## DATASET EXCERPTS
+++

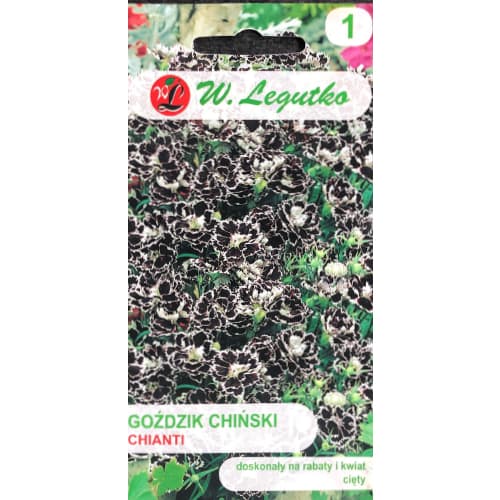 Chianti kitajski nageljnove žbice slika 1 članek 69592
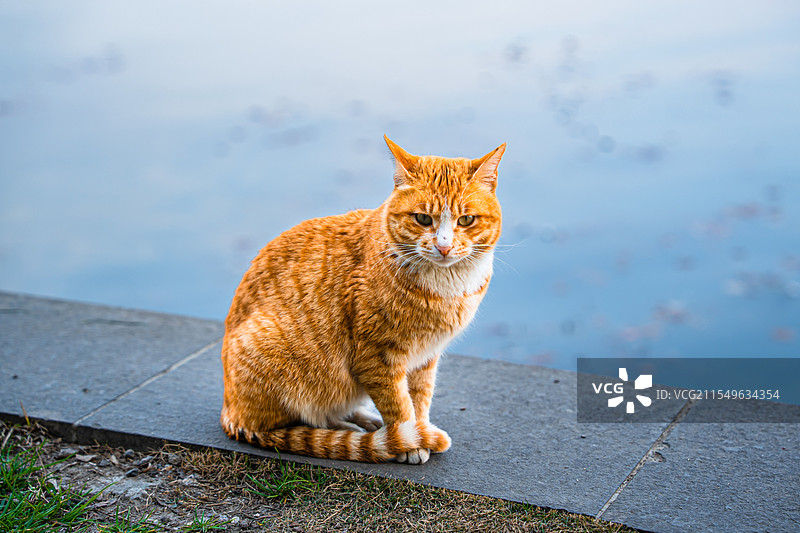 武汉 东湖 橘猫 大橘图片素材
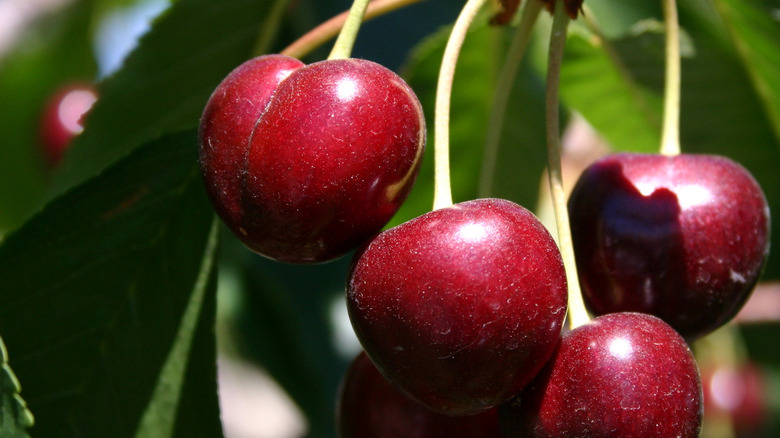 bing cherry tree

+++

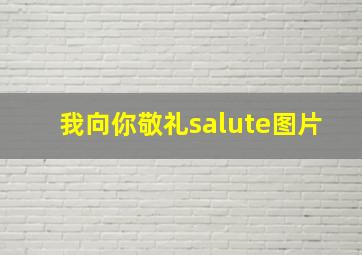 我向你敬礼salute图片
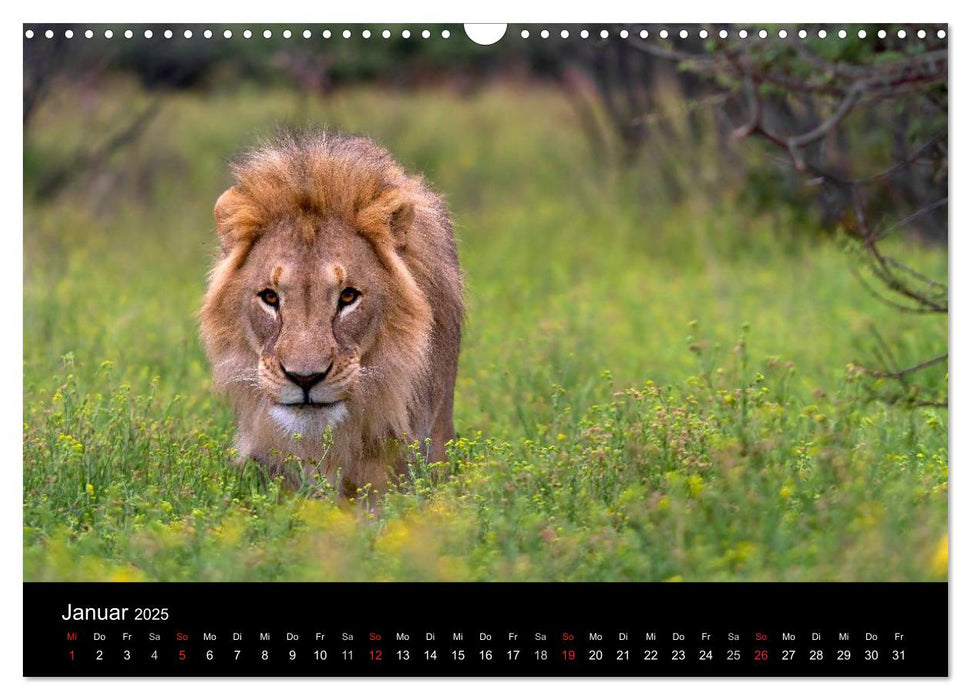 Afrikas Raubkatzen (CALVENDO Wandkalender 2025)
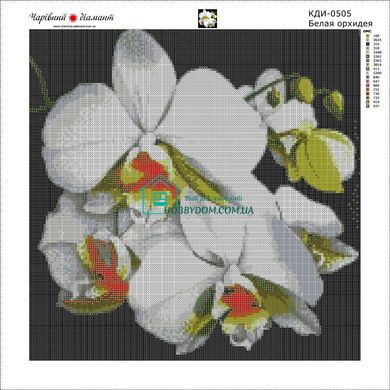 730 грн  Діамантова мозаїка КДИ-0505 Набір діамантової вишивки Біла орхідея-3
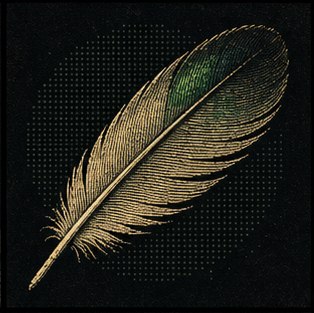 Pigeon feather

+++

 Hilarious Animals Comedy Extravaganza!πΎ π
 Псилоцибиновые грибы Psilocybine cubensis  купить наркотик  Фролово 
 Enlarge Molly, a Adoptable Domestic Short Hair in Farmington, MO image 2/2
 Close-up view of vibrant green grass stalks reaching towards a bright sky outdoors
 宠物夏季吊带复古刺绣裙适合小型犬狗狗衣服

+++

## EXERCISE BRIEF
Would you please copy exactly the part of the entries above that begins at the line containing "Enlarge Molly, a" and ends at the line containing "宠物夏季吊带复古刺绣裙适合小型犬狗狗衣服", both lines included?

## EXERCISE OUTPUT
 Enlarge Molly, a Adoptable Domestic Short Hair in Farmington, MO image 2/2
 Close-up view of vibrant green grass stalks reaching towards a bright sky outdoors
 宠物夏季吊带复古刺绣裙适合小型犬狗狗衣服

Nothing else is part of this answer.